Ces marais que j’ai rejoint par hasard sont ceux de la Belle-Henriette, une lagune qui longe la plage entre la Faute et la Tranche sur mer. Cet espace remarquable n’est alors pas encore protégé, c’est aujourd’hui, fort heureusement, devenu une réserve naturelle.

Des cris aigus brefs et précipités, “kik-kik-kik” un oiseau effronté m’interpelle et volette autour de moi. Pas vraiment confiant, mais pas vraiment distant non plus. Ce n’est que par la suite que je comprendrai que ce comportement était destiné à m’éloigner de poussins probablement dissimulés à proximité.

Je le fixe dans les jumelles et suis stupéfait : des pattes rouges démesurées, le reste du corps est blanc, avec une poitrine légèrement rosée, les ailes sont en revanche d’un noir profond, tout comme le haut de la tête, un trēs long cou, un long bec. Cet oiseau qui pourrait être dégingandé (il s’agit de celui qui a les pattes les plus longues par rapport a son corps) est au contraire d’une incroyable élégance.

Après quelques heures passées à la découverte de quelques autres de ces cigognes miniatures, je finis par chercher a  donner un nom à ces oiseaux.

Je feuillette fébrilement le mini-guide. oui c’est un petit échassier, ça ressemble a des avocettes, mais ça n’en est surement pas : le bec est long et tout a fait droit et non recourbé vers le haut. Mon oiseau reste introuvable ! pourtant, c’est évident a mes yeux, il devrait être à la une de tout guide digne de ce nom.

Un peu frustré de ne pouvoir le nommer, je regagne la maison alors que la plage est envahie par ses nouveaux occupants ruisselants de creme a bronzer, surgissants de la ville et des nombreux campings ėtablis en bordure du marais.

Mais quel est donc cet oiseau étrange ?

J’ouvre le dictionnaire piece essentielle des parties de scrabble familiales, cherche échassier et… mon oiseau est là ! en photo dans le petit larousse : il s’agit d’une échasse blanche ! On ne pouvait mieux la nommer.

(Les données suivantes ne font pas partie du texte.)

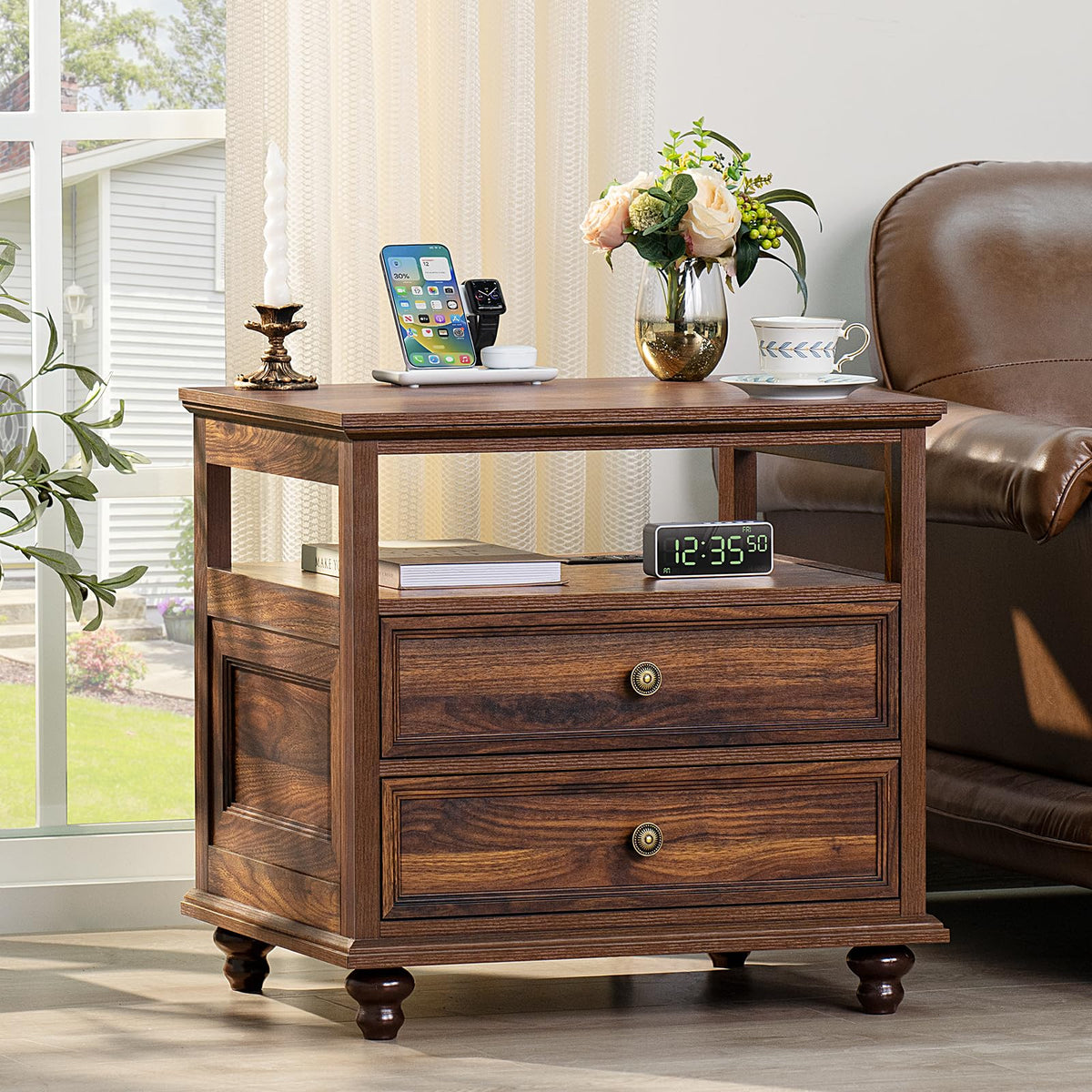 Joaxswe 24" Wide Farmhouse Night Stand Set of 2,Large End Table with 3 Drawers & Metal Handle,Wood Dresser for Bedroom,Bed Side Table Chest of Drawers Cabinet,Natural Nightstand for Living Room,Closet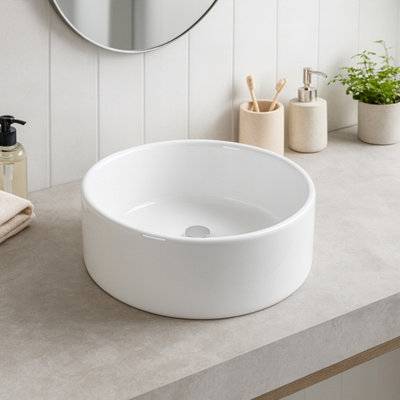 Counter top basin B&Q Rimini Round Counter Top Basin 415mm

Photos Laurent Wittmer -reproduction interdite-

Pour observer l’échasse

L’échasse se nourrit en longeant les berges en picorant à la surface ou au fond de l’eau des larves d’insectes, des coléoptères ou de vers de vase. Il lui arrive parfois de capturer des tétards et petits poissons. La longueur de ses pattes lui permet de s’aventurer là ou la plupart des autres petits échassiers ne peuvent accéder.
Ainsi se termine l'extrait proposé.